The sole aim of the parents is to marry their daughter into a well-to-do family, which in turn raises more dowry demands. Therefore, the daughter’s parents start accumulating wealth and gifts to give away as dowry to the prospective groom’s family. But people from the marginalised sections, who cannot afford such savings resort to evil practices such as sex determination (prevalent in some affluent sections too) and female foeticide. In our country, malnutrition in female children has possible roots in the fulfillment of social obligations such as dowry which are enforced on all and sundry by the society.
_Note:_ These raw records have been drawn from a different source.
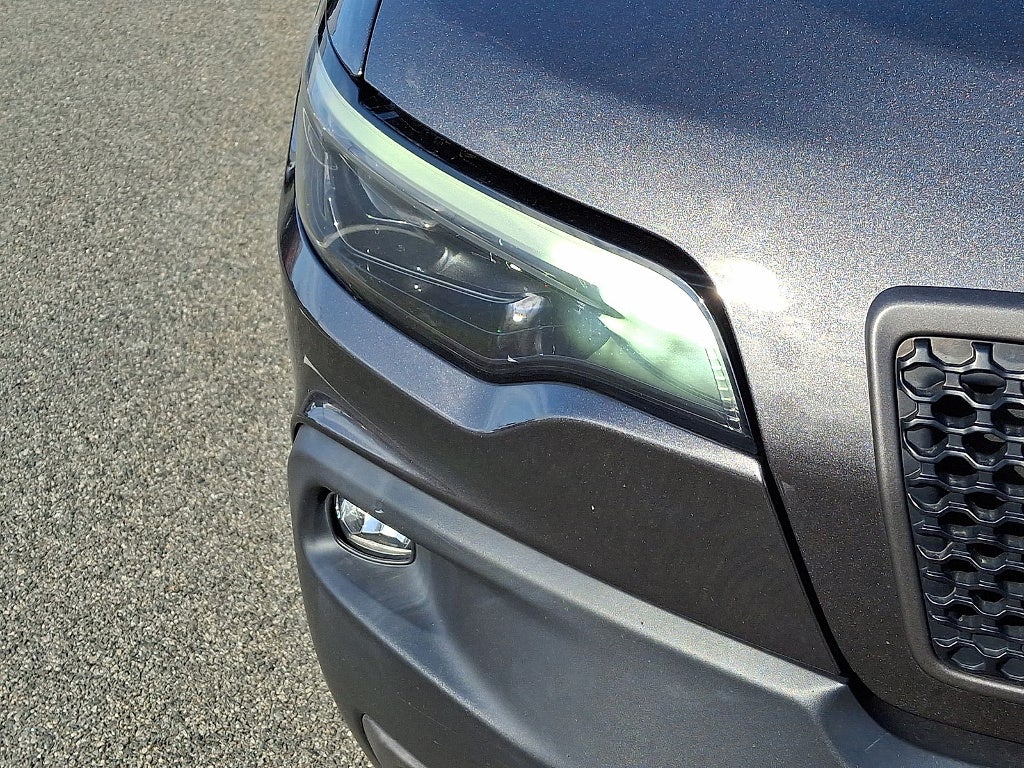 2022 Jeep Cherokee Trailhawk
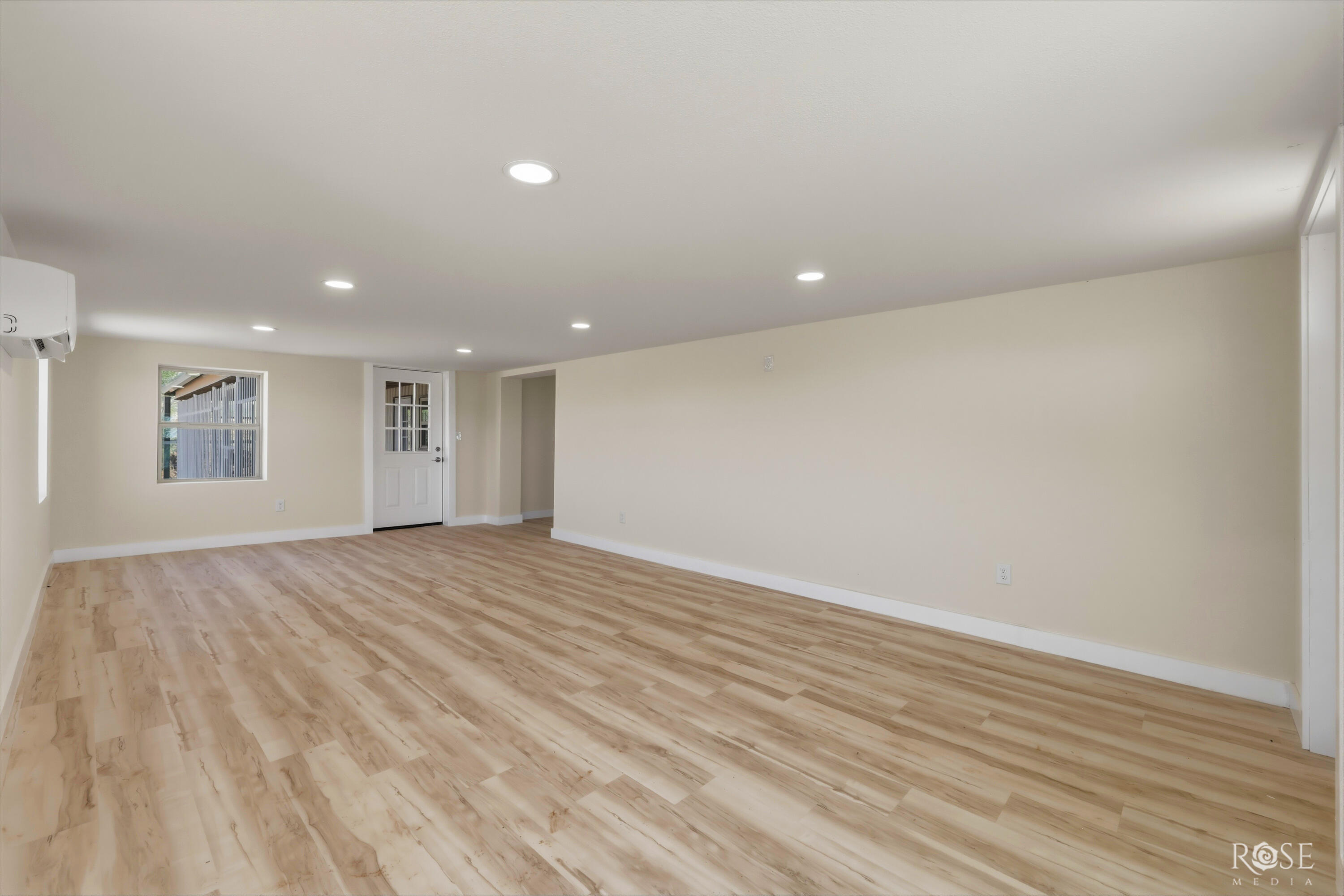 10261 N Us Highway 277 Property Photo 6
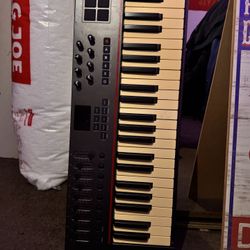 Nektar Impact LX49 MIDI Keyboard Controller (49-Key) – Works Great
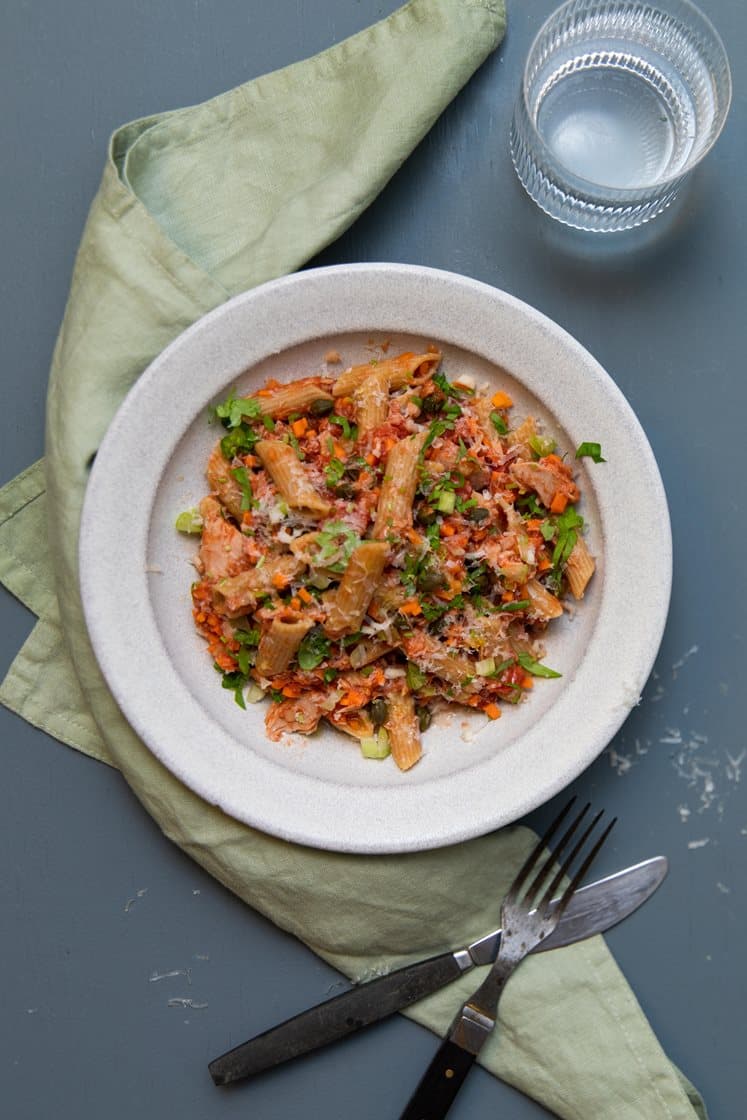 Pasta med tunsauce og parmesanflager
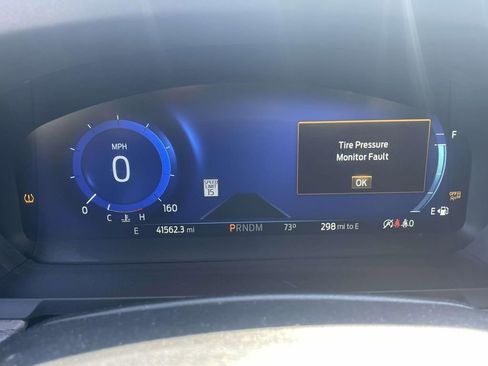 Used 2020 Ford Explorer Platinum image 32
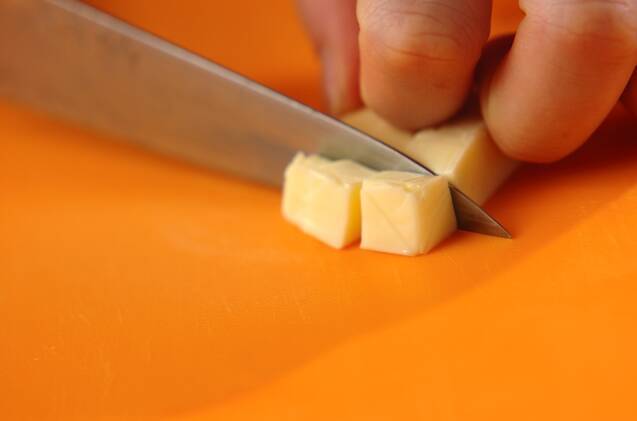 りんごとクルミのヨーグルトサラダの作り方の手順2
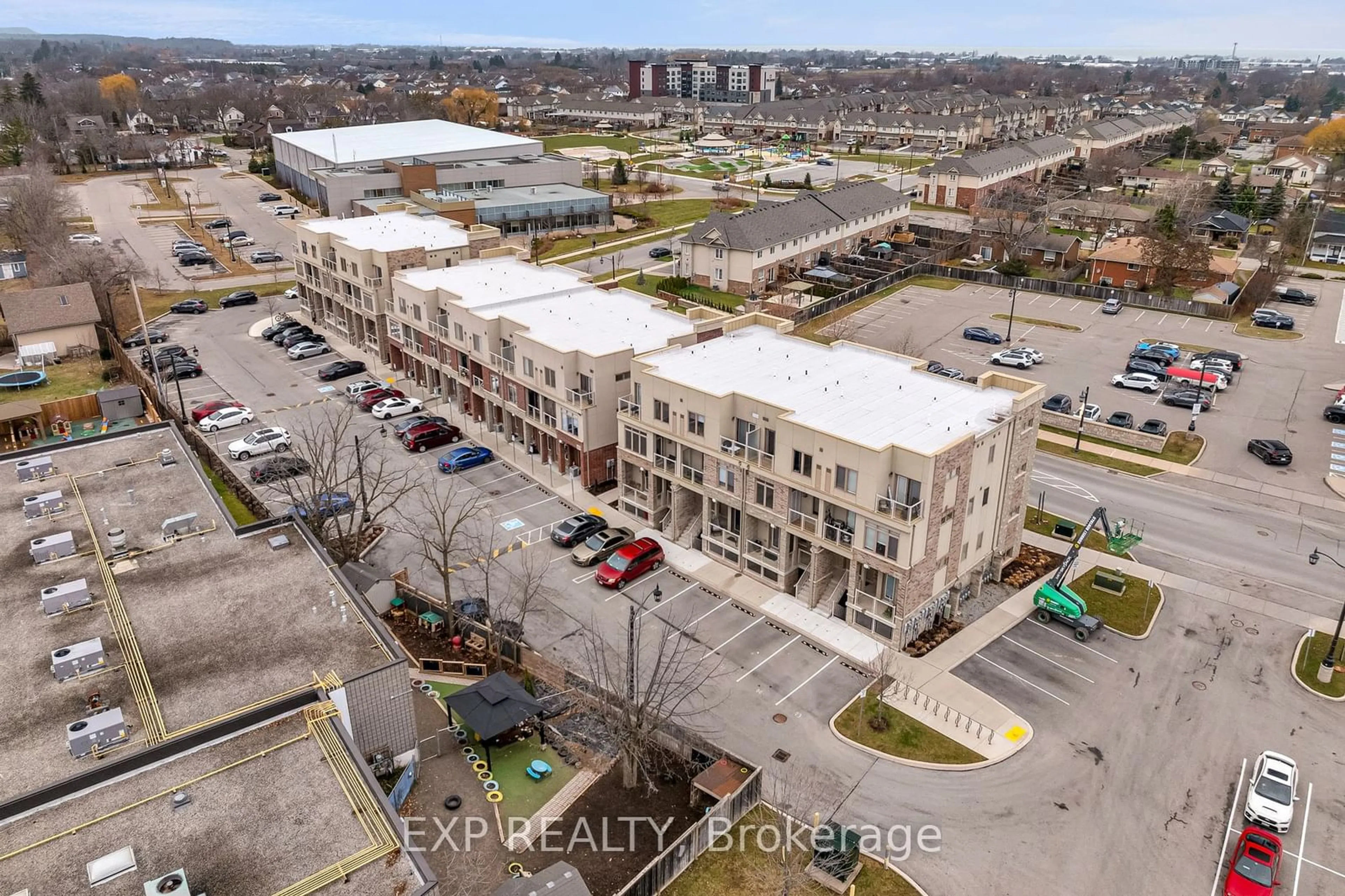 A pic from outside/outdoor area/front of a property/back of a property/a pic from drone, city buildings view from balcony for 5012 Serena Dr #5, Lincoln Ontario L0R 1B4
Legally in India, the practice of dowry is banned under the Dowry Prohibition Act, 1961. The Central Civil Services (conduct rules) 1964, explicitly bans the taking and giving of dowry, but in most of the cases it is a government serving employee, asking for more, as a recognition for the ‘secure job’ he has.
In order to understand the ill effects and the process of ‘social obligation’ created by the practice of dowry, let us take a look at a typical, non-ideal, practical society with economic inequalities. The richer sections of the society practice the dowry system with the an aim of getting a better groom. Seeing the rich, the poor also try to follow suit and do the maximum they can, again, with the sole aim of getting a better groom.
In both cases, the person tries his best, but it’s the poorer half, which saves money through their blood, sweat and tears and even end up taking loans to meet the demands of the groom’s family. The poor, who has a low capacity of rebuilding, suffers in case of an unpredictable event such as a major illness, which results in the loss of income, thus rendering them incapable of paying their dues and hence falling in the trap of debt. Thus, the social obligation created by the richer section results in the suffering of the poor.
The most common argument given in favour of this evil practice is that, we (groom/groom’s family) are not demanding any dowry, but they (bride’s family) are giving it on their own. But WE need to realise that it doesn’t matter who is giving and who is not giving it, what matters is understanding that accepting dowry will further lead to the creation of a social obligation, resulting in great misery, especially for the poorer sections.
We should understand that we are part of society and we have a role to play. In other words, we can’t keep on hiding behind the fear of how the society will respond to our rejection of this evil. We, the younger generation, should realise that a little courage on our side to say no to this practice is extremely important. It’s time that we try and change the present-day big fat weddings, from an occasion to show off our wealth to an occasion where we meet each other at a designated place to share our joys!